Darren Field: Yes. Good morning and thank you for the question. I started to talk about that pivot at the end of Q3 and we certainly saw that play out. And in my prepared comments, I used the word atypical. We certainly saw that throughout the fourth quarter, a continued weakening from October into December. As we sit here right now just through 15, 16 days in January. I would say, we’re consistent with what we saw end of December. However, as Darren mentioned, we do expect sometime maybe second quarter going into third quarter with inventory resets. We would fully expect to see the freight market rebound, but I do feel like this is the area of our company that will most feel the volatility we’ve long discussed and documented what happened in the spot market and that still sits about where it was.
And so, until we see some of that freight demand rebound imports start flowing, I think we’ll be in a comparable environment to what we saw in the fourth quarter in brokerage.
Operator: Our next question comes from Brian Ossenbeck from J.P. Morgan. Your line is open.
Brian Ossenbeck: Hey, good morning. Thanks for taking the question. So, Shelley, maybe you can elaborate a little bit more on some of the caution you’re seeing on the demand side and we’ve touched on it a little bit, but it seems like the general view is that you expect a tough first quarter and then some improvements, sort of towards the middle part of the year. So, Darren, does that give you enough confidence from the demand side and also from the service side, both from the West and the East to really lean in and commit that capacity that you think your customers are going to be there and waiting for? Because it does seem like the timing of the recovery on the service side and demand is going to be a key factor here. So, curious on your thoughts there. Thank you.
Shelley Simpson: Good morning, Brian. We did use the theme word and we have through the whole pandemic and that was being fluid, with our customers and just helping them understand where they’re at and where we’re at from a transportation perspective. We also talked a lot about being cautious in the last discussion. And I think those were some of the demand trends we were starting to see. If you look in the fourth quarter, you saw port activity continue to decline all the way into December. And certainly, we’re feeling the impact from that. As we have talked to customers, they have shared with us that there is an inventory correction happening that you’ve heard both Brad and Darren talk about. And that’s really we expect to continue to occur all through the first quarter.
We have had good signals from our customers about Q2 starting up back to a more normalized or having a more normal environment.
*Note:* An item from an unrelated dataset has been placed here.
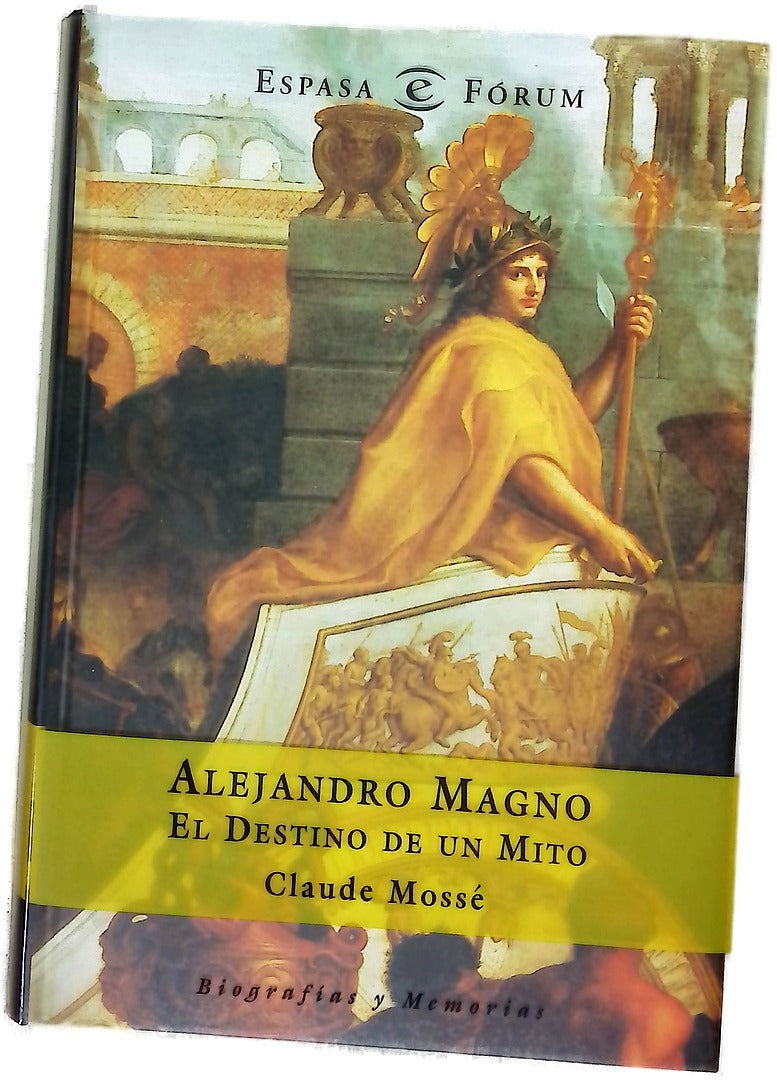 Alejandro Magno el destino de un mito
We’re not sure at what point that is in Q2, but we do feel like the back half of the year, we have confidence from what our customers are giving us and the data points that they have, what they’re going to be doing from an ordering perspective. The freight recession that we see right now is largely inventory driven. We don’t see anything else from our customers in total. And then last thing I would say, Brian, if you think about bid season for our company in the one-way part of the business, so this should be all of intermodal and all of highway services. Those really occur in the back half of the year fully loaded.